Hocuspocus is a WebSocket backend for Yjs. It runs on Node.js 18+, Bun, Deno, and Cloudflare Workers, and functionality can be composed via extensions.
| Component | Role |
|---|---|
@hocuspocus/server |
WebSocket connection management, Yjs document coordination |
@hocuspocus/extension-redis |
Propagates updates between instances via Redis Pub/Sub |
@hocuspocus/extension-database |
Stores documents in external DBs like PostgreSQL, MySQL, MongoDB |
| Redis Pub/Sub | Acts as a broadcast channel — does not store data |
How the Redis Extension Works
What the Redis extension does is simpler than you might think. When a client connected to instance A edits a document, A publishes that update to a Redis channel. Instances B and C are subscribed to the same channel, receive the update, and forward it to the clients connected to them.

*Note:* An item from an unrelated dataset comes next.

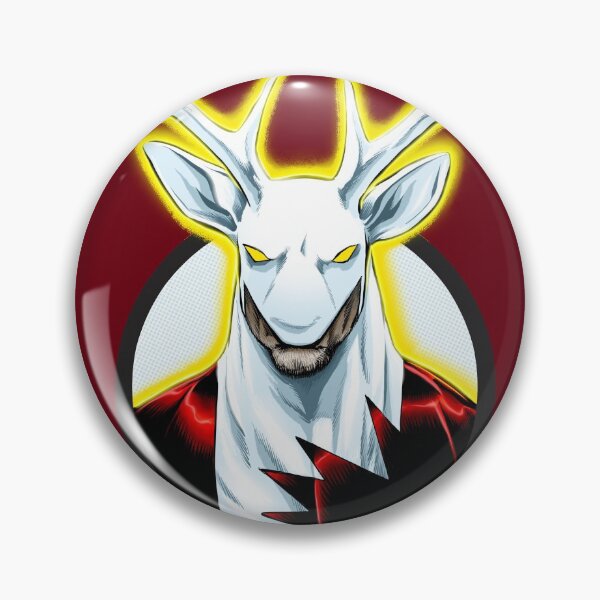 Item preview, Guardeerian designed and sold by 13thFloorDesign.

The important point is that data is not stored in Redis. If Redis restarts, any messages in between are simply gone. I've personally seen cases in production where Redis was mistakenly treated as a persistence store — I'll revisit this point below.
Redlock and Distributed Locking
With multiple instances, this situation can occur: client A is on instance 1, client B is on instance 2, and both edit the same document almost simultaneously. If both instances try to save the same document to the database at the same time, one write risks overwriting the other. I got burned by Redlock once when the server clocks were nearly 30 seconds apart.

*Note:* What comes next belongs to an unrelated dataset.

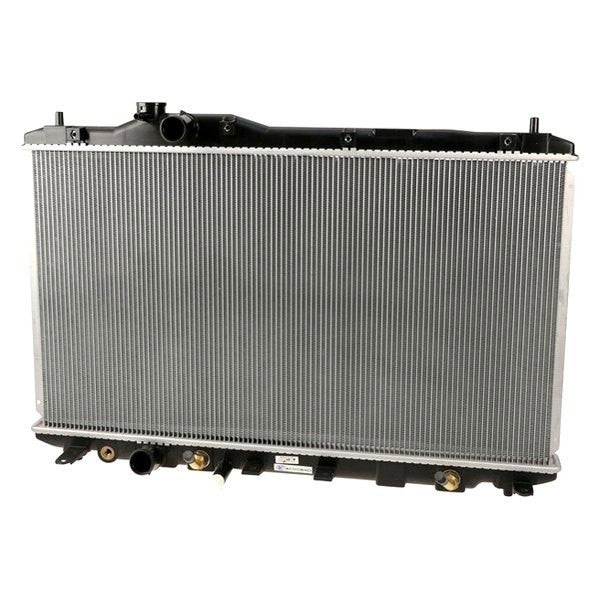 Koyo OEM Replacement 13-14 ILX 1.5L I4 HYBRID DENSO AT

The Hocuspocus Redis extension uses the Redlock algorithm internally to address this. It requests locks from multiple Redis nodes simultaneously and only considers the lock acquired when a majority succeed, so even if a single Redis node fails, the lock can be maintained.
Note: Redlock requires that system clocks across servers don't drift significantly. NTP synchronization in a distributed environment is not optional — it's mandatory.
Practical Application
Example 1: Standard Horizontal Scaling Setup (Hocuspocus + Redis + PostgreSQL)

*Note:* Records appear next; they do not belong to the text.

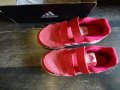 100% Огигинални Детски маратонки Adidas, снимка 8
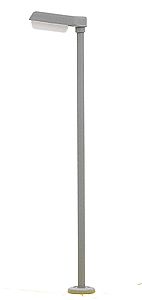 Viessmann 6497 N Scale Modern Street Lamp -- 55mm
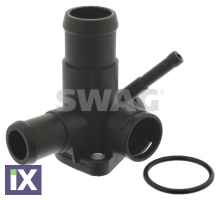 30918240 ΣΥΝΔΕΤΙΚΗ ΦΛΑΝΤΖΑ GOLF III - PA  30918240 068121132B 068121133AF 68121132B 68121133AF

This is the configuration most teams start with. If the number of concurrently open documents is in the hundreds or fewer and DB write load isn't particularly high, this pattern is sufficient.
[Client A] ──WebSocket──▶ [Load Balancer (Sticky Session)]
[Client B] ──WebSocket──▶ │ │
[Hocuspocus #1] [Hocuspocus #2]
│ │
[Redis Pub/Sub (sync)]
│ │
[Database Extension] [Database Extension]
│ │
└──────┬───────┘
[PostgreSQL]It's important that both instances independently access PostgreSQL.
// hocuspocus-server.ts (run identically on each instance)
import { Server } from '@hocuspocus/server'
import { Redis } from '@hocuspocus/extension-redis'
import { Database } from '@hocuspocus/extension-database'
import { Pool } from 'pg'
const pool = new Pool({ connectionString: process.env.DATABASE_URL })
const server = Server.configure({
port: Number(process.env.PORT) || 1234,
// Using both onLoadDocument and the Database extension's fetch simultaneously
// will apply Y.applyUpdate twice to the same document, corrupting its state.
// Use only one of the two. Here we use only the Database extension.
extensions: [
new Redis({
host: process.env.REDIS_HOST ?? 'localhost',
port: 6379,
}),
new Database({
fetch: async ({ documentName }) => {
// Add try/catch in production.
// If fetch fails, the document may open in an empty state.
const result = await pool.query(
'SELECT data FROM documents WHERE name = $1',
[documentName]
)
return result.rows[0]?.data ?? null
},
store: async ({ documentName, state }) => {
// Add try/catch in production.
await pool.query(
`INSERT INTO documents (name, data, updated_at)
VALUES ($1, $2, NOW())
ON CONFLICT (name) DO UPDATE
SET data = EXCLUDED.data, updated_at = NOW()`,
[documentName, Buffer.from(state)]
)
},
}),
],
})
server.listen()
console.log(`Hocuspocus running on port ${server.configuration.port}`)Here is a sticky session configuration using HAProxy. Since WebSocket connections are long-lived, the timeout tunnel value needs to be set large enough.
# haproxy.cfg
frontend ws_frontend
bind *:80
default_backend ws_backend
# option http-server-close disables HTTP keep-alive.
# This is fine for a WebSocket-only frontend,
# but may degrade performance if also handling regular HTTP traffic.
backend ws_backend
balance leastconn
cookie SERVERID insert indirect nocache
timeout connect 5s
timeout client 1h
timeout tunnel 24h
server hocuspocus1 hocuspocus-1:1234 check cookie s1
server hocuspocus2 hocuspocus-2:1234 check cookie s2If you prefer Nginx, you can use the following approach.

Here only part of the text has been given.